RLHF (Reinforcement Learning from Human Feedback)
A training method that uses human preference ratings to shape a model's behavior, making it more helpful, honest, and safe.
Pre-trained LLMs are good at predicting text; they're not inherently good at being helpful assistants. RLHF is the training technique that turns raw language models into the chatbots and assistants we use today.
The RLHF pipeline
- Supervised fine-tuning (SFT): Fine-tune the pre-trained model on a curated dataset of high-quality demonstrations. This teaches basic instruction following.
- Reward model training: Human annotators compare pairs of model outputs and label which is better. A separate neural network (the reward model) is trained to predict human preferences.
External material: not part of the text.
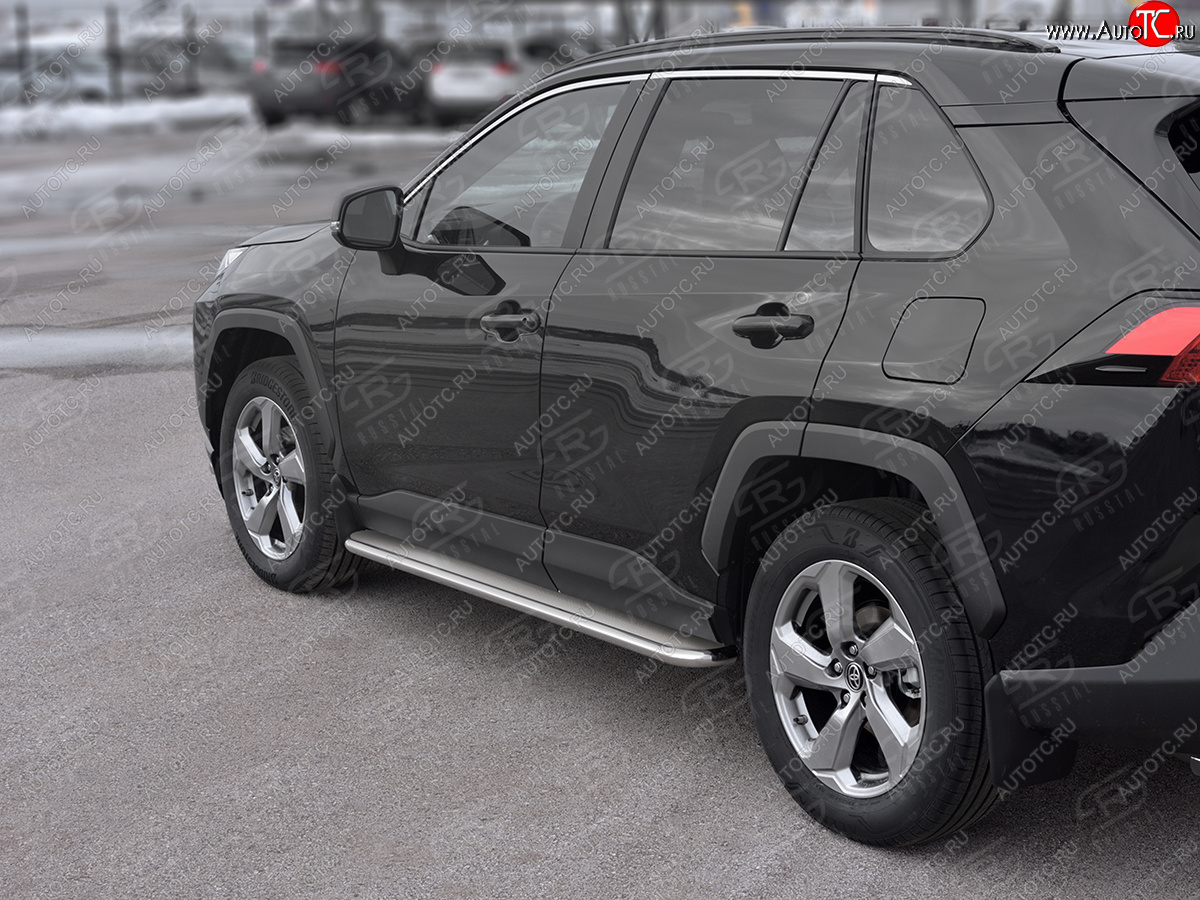 35 549 р. Пороги SLITKOFF d42 с листом  Toyota RAV4  XA50 (2018-2025) 5 дв. дорестайлинг (лист нержавейка, труба нержавейка)  с доставкой в г. Воронеж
- RL optimization: The language model generates responses and is optimized (via PPO or similar algorithms) to maximize reward model scores while not diverging too far from the SFT model.
RLHF and model alignment
RLHF is the primary tool that makes models like Claude and GPT-4 refuse harmful requests, acknowledge uncertainty, and maintain conversation context. Without it, pre-trained models will generate whatever text is most probable given the context, regardless of safety or helpfulness.
DPO: a simpler alternative
Direct Preference Optimization (DPO) achieves similar results to RLHF without a separate reward model and without reinforcement learning, using a simpler classification-like objective. Most recent open-source model training uses DPO rather than full RLHF, due to its stability and simplicity.